L'Editoriale
Giovedì 05 Settembre 2019
Se YouTube va a caccia
dei dati dei bambini
Le violazioni sulla privacy stanno diventando un problema serio per le grandi piattaforme digitali. La buona notizia è che le istituzioni lo hanno preso molto sul serio, spingendo di riflesso i giganti del digitale a prendere provvedimenti. Il primo passo è l’ammissione ufficiale che la questione esiste. La Apple aveva ammesso di non essere stata all’altezza dei suoi standard per la privacy e si è scusata ufficialmente con i consumatori dopo la questione relativa agli audio registrati dall’assistente digitale Siri e ascoltati dai dipendenti delle imprese. Trecento di loro sono stati licenziati o hanno perso il lavoro indirettamente. Ora un altro gigante del web, Google, si appresta a pagare una cifra compresa fra i 150 e i 200 milioni di dollari per chiudere il contenzioso con le autorità americane per la violazione da parte della controllata YouTube della privacy dei bambini. L’intesa è stata approvata dalla Federal Trade Commission con tre voti a favore e due contrari e dovrà ora essere esaminata dal Dipartimento di Giustizia.
L’accordo promette di passare alla storia come la sanzione più alta comminata per la protezione dei minori sul web. L’accusa è di avere raccolto dati dei minori senza il consenso dei genitori. Il fine è sempre lo stesso, in fondo, quello di fornire servizi di pubblicità personalizzati, caratteristica del mondo dei social network. La personalizzazione del marketing, dell’advertising e naturalmente anche della propaganda politica rappresenta una delle nuove frontiere delle tecnologie digitali. Da qui l’uso e l’abuso, inquietante, dei dati personali, degni del Grande Fratello. I social, se vogliono, possono sapere tutto di noi. E quello che non sanno lo ricavano indirettamente attraverso atteggiamenti del consumatore che solo apparentemente non hanno nulla a che fare con i questionari che siamo chiamati a compilare.

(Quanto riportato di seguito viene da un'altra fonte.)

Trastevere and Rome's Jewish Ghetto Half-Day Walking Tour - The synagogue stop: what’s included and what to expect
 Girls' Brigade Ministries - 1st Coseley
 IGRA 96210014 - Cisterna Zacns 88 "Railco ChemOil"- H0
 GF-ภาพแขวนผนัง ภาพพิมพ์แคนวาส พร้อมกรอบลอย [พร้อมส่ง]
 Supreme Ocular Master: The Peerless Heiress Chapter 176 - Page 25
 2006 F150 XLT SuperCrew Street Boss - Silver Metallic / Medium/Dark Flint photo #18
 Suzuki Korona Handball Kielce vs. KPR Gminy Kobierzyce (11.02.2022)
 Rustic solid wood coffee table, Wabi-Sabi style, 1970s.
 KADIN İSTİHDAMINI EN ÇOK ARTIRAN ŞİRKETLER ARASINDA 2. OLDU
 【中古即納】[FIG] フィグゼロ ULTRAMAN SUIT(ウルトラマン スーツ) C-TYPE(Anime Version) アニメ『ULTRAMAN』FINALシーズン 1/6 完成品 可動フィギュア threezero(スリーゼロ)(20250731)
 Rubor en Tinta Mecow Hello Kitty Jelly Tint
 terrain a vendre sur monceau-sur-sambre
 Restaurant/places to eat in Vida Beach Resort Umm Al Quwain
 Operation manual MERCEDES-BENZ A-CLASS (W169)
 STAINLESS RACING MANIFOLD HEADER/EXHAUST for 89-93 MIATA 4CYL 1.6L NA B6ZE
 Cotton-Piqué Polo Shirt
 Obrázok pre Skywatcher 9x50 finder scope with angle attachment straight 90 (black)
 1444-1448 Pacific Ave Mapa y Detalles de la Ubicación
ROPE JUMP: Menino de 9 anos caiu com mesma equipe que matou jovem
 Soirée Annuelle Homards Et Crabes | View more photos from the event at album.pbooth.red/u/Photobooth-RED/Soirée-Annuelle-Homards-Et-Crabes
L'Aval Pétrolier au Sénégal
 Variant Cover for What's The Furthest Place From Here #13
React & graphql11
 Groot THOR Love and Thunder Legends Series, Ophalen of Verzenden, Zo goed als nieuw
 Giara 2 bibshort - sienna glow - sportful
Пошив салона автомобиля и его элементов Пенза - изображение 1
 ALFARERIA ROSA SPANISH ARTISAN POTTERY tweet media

Ma cosa è accaduto in questo caso? Si è verificato il rischio maggiore: quello di andare a colpire il privato dell’anello più fragile, quello dei minori, ovvero quello dei nativi digitali, totalmente connessi con la Rete e con i loro prodotti ma anche bisognosi della più completa protezione. YouTube infatti avrebbe violato il Children’s Online Privacy Protection Act, la normativa che vieta il tracciamento degli utenti di età inferiore ai 13 anni.
Questa sorta di Carta di Treviso americana rende obbligatorio il consenso dei genitori per la raccolta delle informazioni sui loro figli. Due anni fa, più di 20 gruppi di difesa dei minori e della privacy avevano presentato un reclamo alla Federal Trade Commission, sostenendo che YouTube avesse consapevolmente raccolto dati a fini pubblicitari coinvolgendo bambini di età inferiore ai 13 anni. Nel 2018 un gruppo di 23 studi legali e associazioni a difesa dei consumatori aveva poi sporto un altro reclamo.
Ma i giganti del digitale stanno cominciando a rendersi conto autonomamente e consapevolmente di queste problematiche. Esemplare in Italia la firma tra Google, Telefono Azzurro e Altroconsumo di un progetto mirante a presentare video, consigli strutturati e contenuti educativi per aiutare adolescenti, genitori e insegnanti ad affrontare i cosiddetti messaggi di incitamento all’odio sul web prodotti dai cosiddetti «hater». L’esempio che la Rete di per sé è neutra, come la lama di un coltello. Dipende da noi se farne buon uso, se usarla per ferire qualcuno o affettare il salame.